One thing that I have noticed though is that once all the regions are loaded I get a bunch of watchdog messages saying that the threads have timed out for each region. CPU use is very low, hovering between 0 percent and 3 percent for OpenSim.exe process and 0 percent - 5 percent overall CPU use. RAM use is low-moderate at appx 600 MB for OpenSim.exe and the overall system RAM use is only appx 40 percent.

It almost seems as if the region threads just died and went unresponsive after loading up.

Watchdog Messages:

09:36:07 - [WATCHDOG]: Timeout detected for thread "Heartbeat-(Test_Region_2)".
ThreadState=WaitSleepJoin. Last tick was 20375ms ago.

(0033973)
paela argus   
2019-01-28 07:51   
please add on head of your script startup this if you are on linux:

export MONO_THREADS_PER_CPU=1024
and give me if is better after
(0033974)
paela argus   
2019-01-28 07:58   
Monomusa are you in the lasted os of Debian if yes do not use the mono of the Os you need compile it by source of mono and apply the export if you need a example i can give you one in Osgrid
(0033975)
Monamusa Kaliopov   
2019-01-28 08:03   
@paela

i have compile by source of mono i will apply the Export so i restart the Simulator or the Simulator are frozen again.

thank you paela .....
(0033976)
tampa   
2019-01-28 08:31   
(edited on: 2019-01-28 08:34)
@mewtwo0641 That watchdog message is evidently normal, it does not mean the region is stuck. So long as it does not repeat itself constantly it should be fine. I cannot reproduce the problem using the latest master, where are you testing this on? Have you ruled out any other incompatibility with recent changes to master? Such a severe case with such minor changes to the code seems unlikely and I suspect the issue is elsewhere in configuration or perhaps in connection to the grid.

@paela argus Setting that environment variable this high is asking for trouble, it should not exceed 512, anything higher may cause system instability and will degrade performance to the point of system lockups. It is recommend to start OpenSim on Unix using --desktop parameter for mono as it configures mono in a more suitable manner. There should be no need to set any other variables or change system configuration.

@Monamusa Kaliopov OSGrid is a rather bad testing environment as the grid itself performs fairly poorly and does completely follow standard setup procedures(as otherwise it would not work at all), so when running latest master code, before reporting issues, please test in a stale environment as either standalone or grid configuration, otherwise there is no way to rule out issues on the grid end.

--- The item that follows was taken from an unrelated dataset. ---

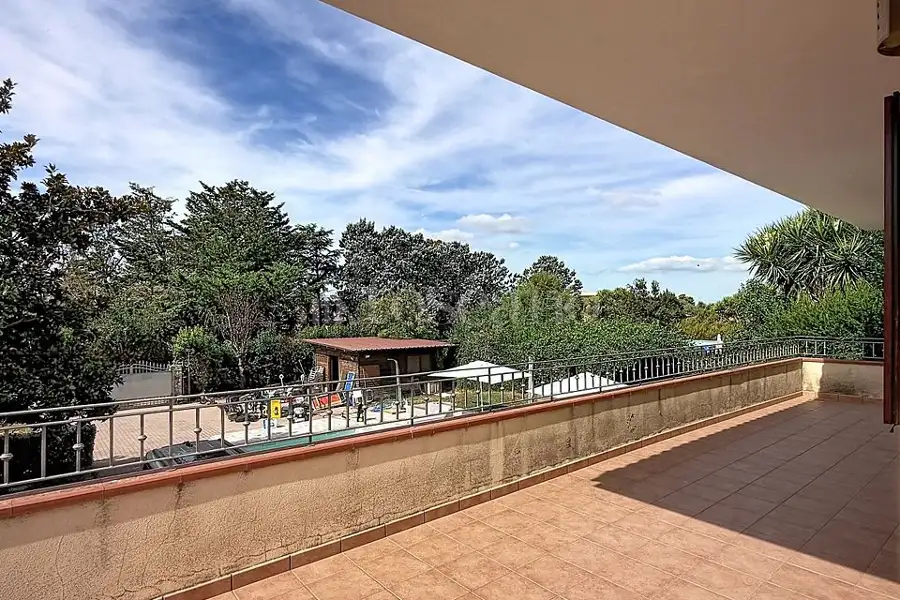Villa in vendita di 160 mq a €380.000 (rif. 204/2026)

These recent tickets sound really weird, especially since I have not been able to reproduce or even so much as see a decline in performance over previous master code. In fact things are working better now. Then again, running on Ubuntu with mono 5.4.1.7 from tarball rather than compiled, I worry that there is a system incompatibility showing its ugly head here or perhaps even a module no longer compatible with master(even though all the ones I use compile fine and seem to work). Please add further information on environment(OS, mono version, startup parameters), configuration and so on as otherwise this will be impossible to debug.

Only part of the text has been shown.